Et si l'on évoquait tout à l'heure Rohmer et son Perceval le Gallois,
c'est à une version bien sombre des Nuits de la pleine lune ou de L'ami
de mon amie que pourrait faire aussi penser Jaroslav et Djamila ;
une version revisitée à la mode 2016, dans laquelle l'islam de banlieue a
remplacé le marivaudage rohmerien, dans le vaste non-lieu dessiné par les
urbanistes où s'élabore cet étrange paradoxe qui arrache les individus à tout
sentiment d'appartenance et d'existence tout en les jetant dans la tyrannie de
la communauté. Djamila n'aura pas été la seule à être enfermée : « Le
crime capital de la modernité aura été d'emmurer chaque tribu dans ses
rites », écrit Sarah Vajda.

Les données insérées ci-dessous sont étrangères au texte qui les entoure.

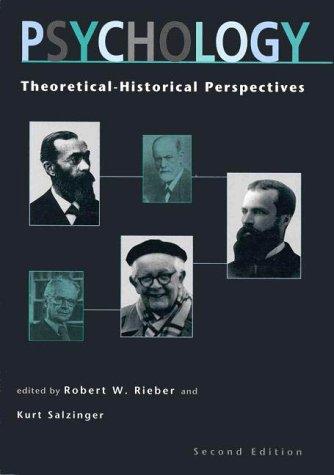 Cover for Psychology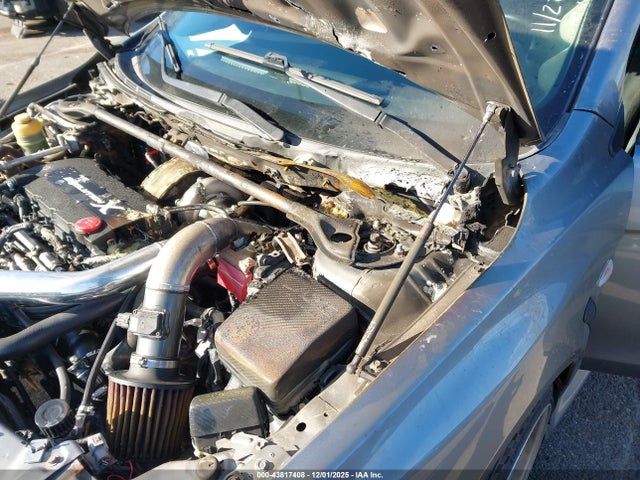 2014 MITSUBISHI LANCER EVOLUTION JA32W8FVXEU016178 Photo 5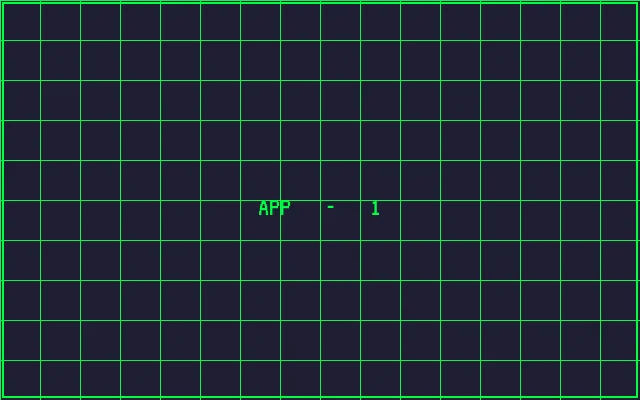 APP便携终端界面展示 - 场景1 - 博彩软件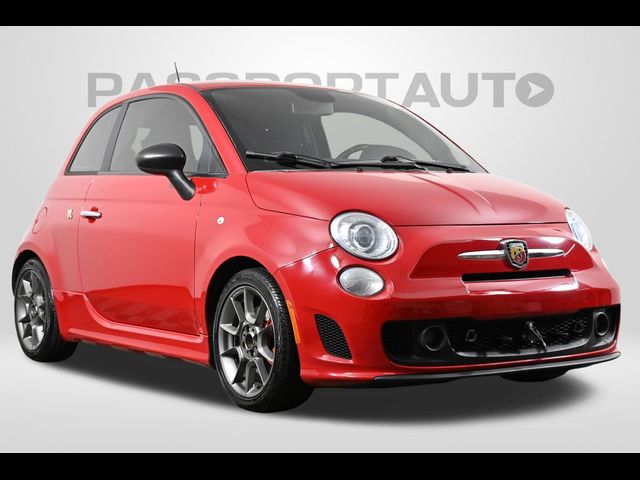 2013 FIAT 500 Abarth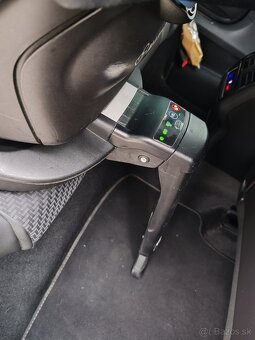 Maxi Cosi isofix  s vajíčkom - 2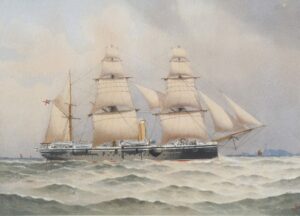 HMS Canada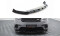Cup Spoilerlippe Front Ansatz passend für Land Rover Range Rover Velar R-Dynamic Mk1 schwarz Hochglanz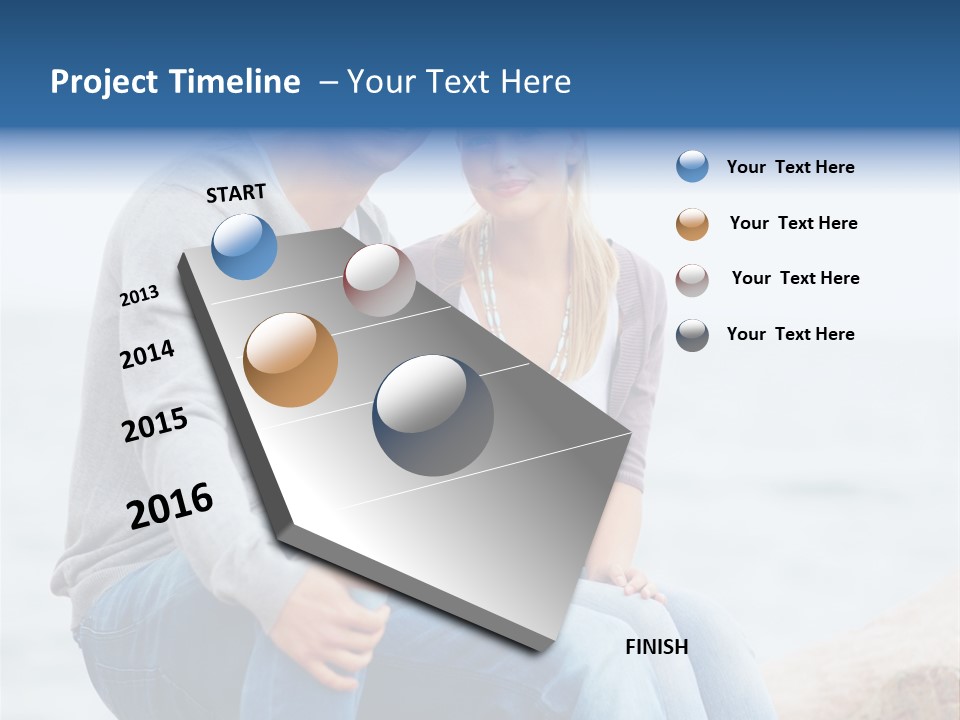 Season Country Park PowerPoint Template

Dans le décor gris du vivre-ensemble, de
nouvelles utopies se recréent, à mesure que la haine grandit, à l'ombre du
béton, c'est ce que Djamila l'esseulée, Djamila la rescapée, veut dire à ceux
qui veulent bien l'écouter : « Ces femmes emmurées dans la honte et
dans la nuit enfanteront des monstres en série », tous seront menés,
dit-elle, « misérables conscrits dans la grande bataille de la Oumma aux
abattoirs de la raison. (…) Je hais le pluriel dont on fait les
charniers. »
Si
Djamila raconte les prisons du vivre-ensemble à la française, dans le 93 de la
Cité des Poètes « prend-ton-luth-et-me-donne-un-baiser », on suit
également l'errance de Jaroslav, de l'autre côté de l'Atlantique, jusqu'en
Amérique du nord, ou s'étalent
l'équivalent de nos banlieues glauques,
sur les rivages de misère de la Louisiane à Winnipeg, villes éteintes ou
le rêve américain s'enterre dans la moiteur et le désespoir. Les Américains,
cependant, ont su bâtir un roman à partir de ce paysage de l'échec. La France
n'a pas su faire de même avec ses banlieues et sa périphérie délaissée :
leur roman reste à faire. Sarah Vajda s'engage avec Jaroslav et Djamila,
dans cette voie ignorée, entreprenant avec talent l'exploration de ce
territoire romanesque immense et grand ouvert par le terrible échec d'une
société tout entière. Et que le lecteur ne s'imagine pas qu'il passerait ici du
roman d'amour au roman à thèse : les personnages de Jaroslav et Djamila
prennent vie de la façon la plus frappante qui soit, sous la plume de Sarah
Vajda qui excelle à dépeindre les couleurs de cette nouvelle comédie humaine.
« La vie est une chose trop sérieuse pour être confiée à un seul
sexe », affirme la Djamila de Sarah Vajda. Il faut également continuer à
la confier aux romanciers, pourvu qu'ils aient le talent et l'humanité
nécessaire pour savoir quoi en faire.